═════ Given records ═════

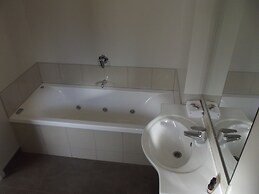 Arena Court Motel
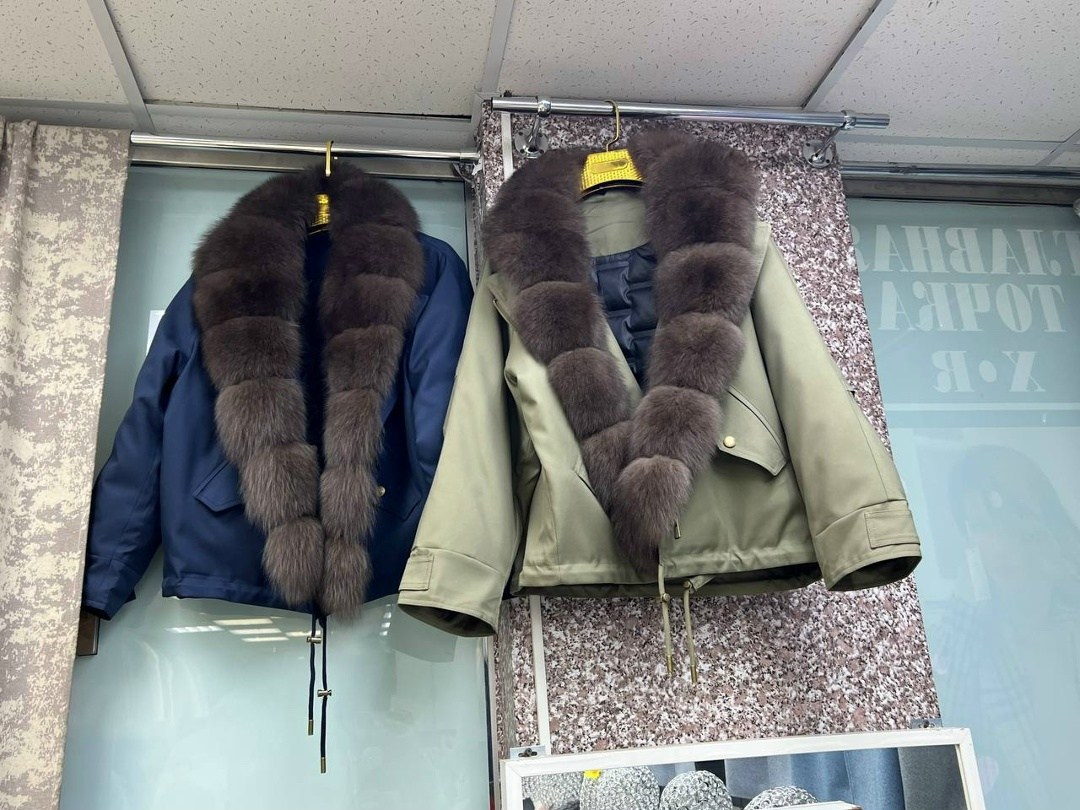 парка с натуральным мехом,парка с мехом,зеленая парка с мехом,женские пуховики,парка мех песец
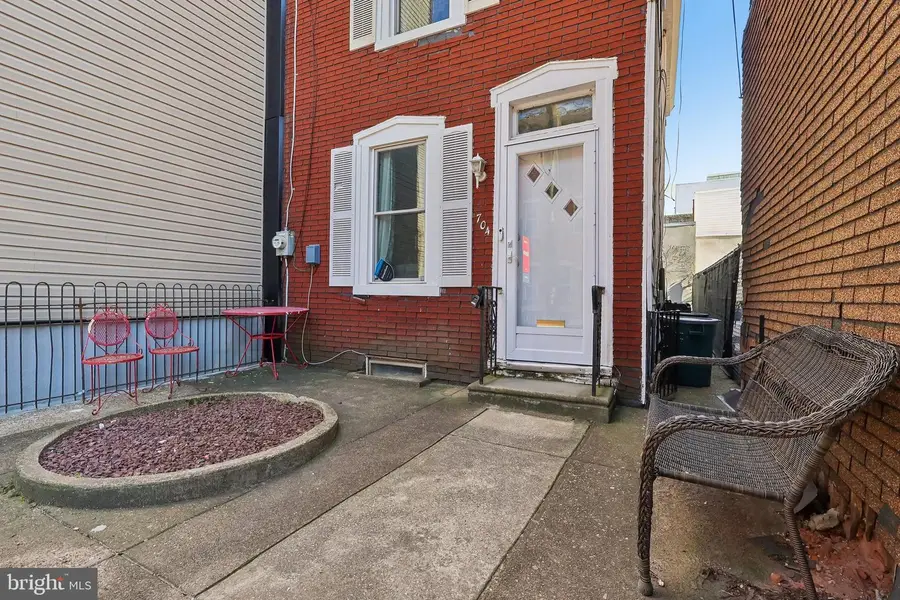 704 Belgrade St, Philadelphia, PA 19125 - #3
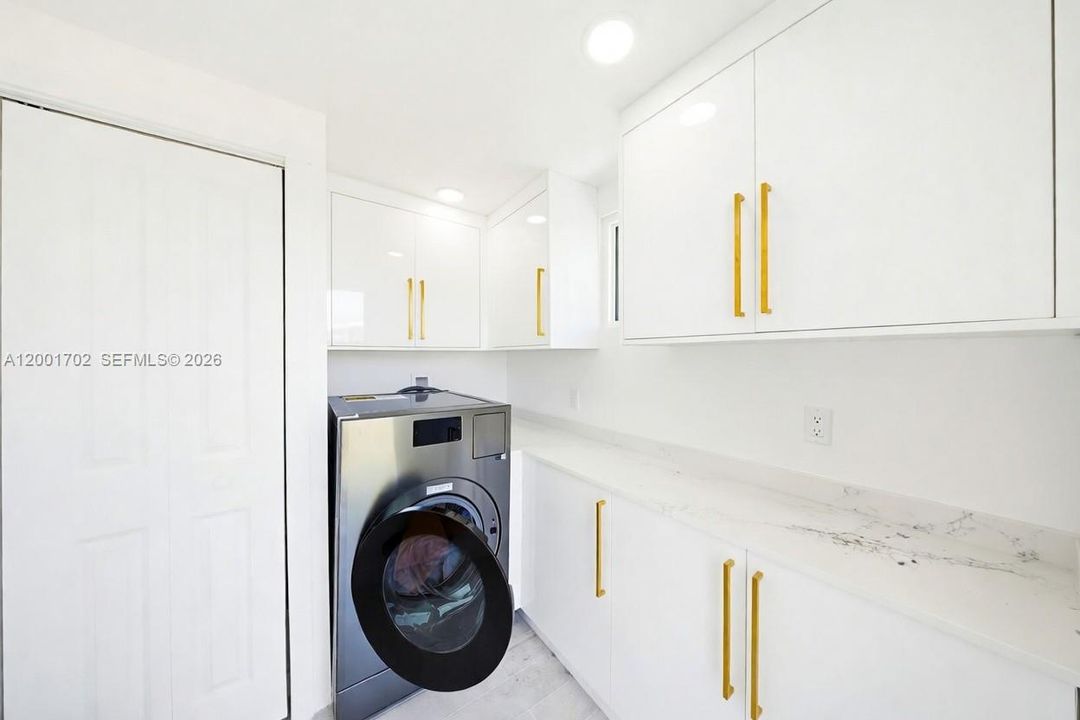 For Rent: $4,000 (3 beds, 2 baths, 888 Square Feet)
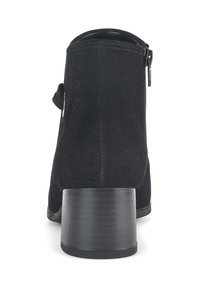 Schwarzer Wildleder-Stiefel mit Blockabsatz, seitlichem Reißverschluss und dekorativem Schnallenverschluss, von hinten auf einem weißen Hintergrund gezeigt.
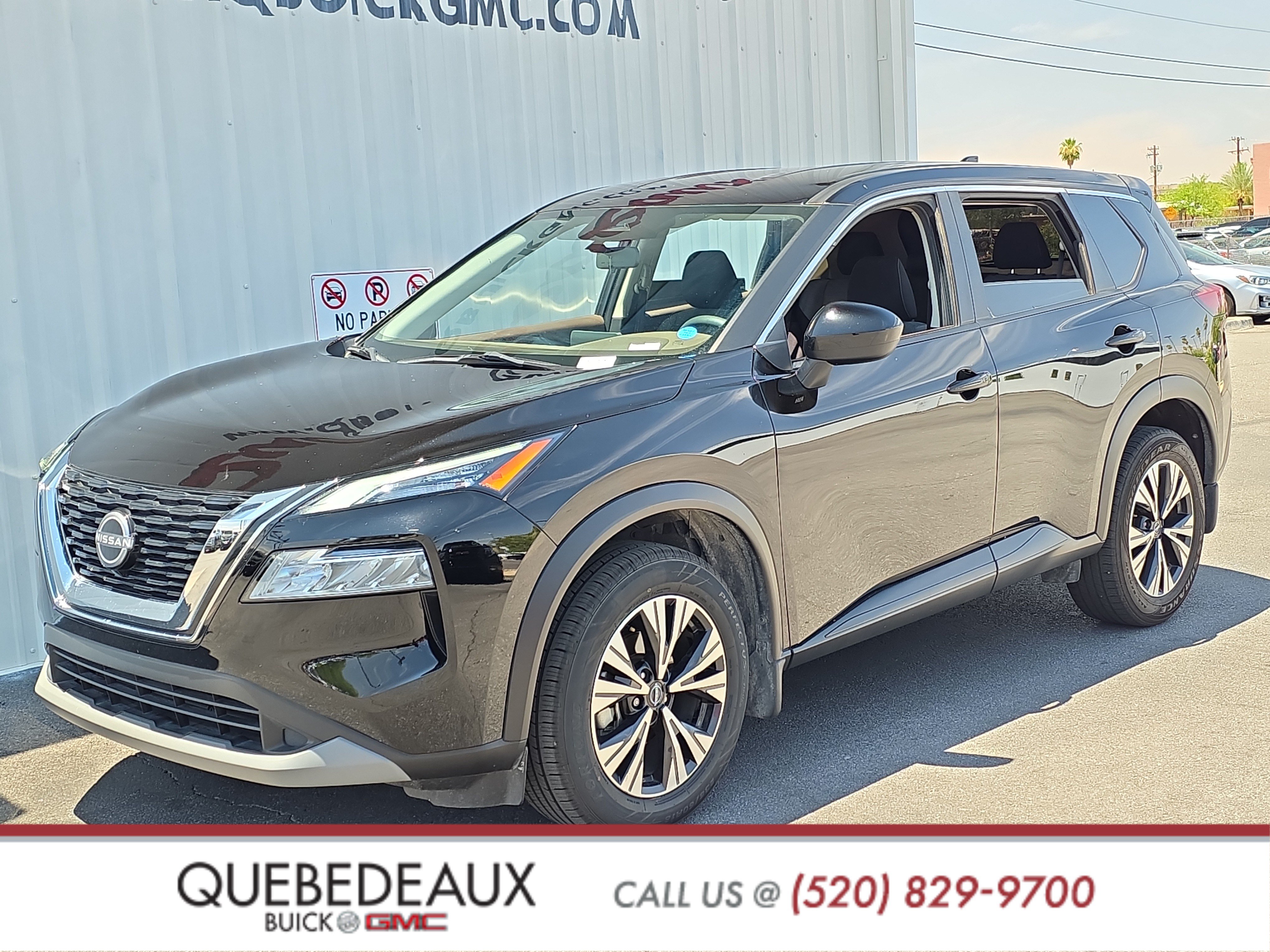 Used 2023 Nissan Rogue SV FWD image 3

═════

§ Exercise goal
The lines from the one containing "704 Belgrade St, Philadelphia, PA 19125 - #3" through the last line of the entries are to be copied exactly, both ends included, and the pictures are to be omitted.

§ Response below
 704 Belgrade St, Philadelphia, PA 19125 - #3
 For Rent: $4,000 (3 beds, 2 baths, 888 Square Feet)
 Schwarzer Wildleder-Stiefel mit Blockabsatz, seitlichem Reißverschluss und dekorativem Schnallenverschluss, von hinten auf einem weißen Hintergrund gezeigt.
 Used 2023 Nissan Rogue SV FWD image 3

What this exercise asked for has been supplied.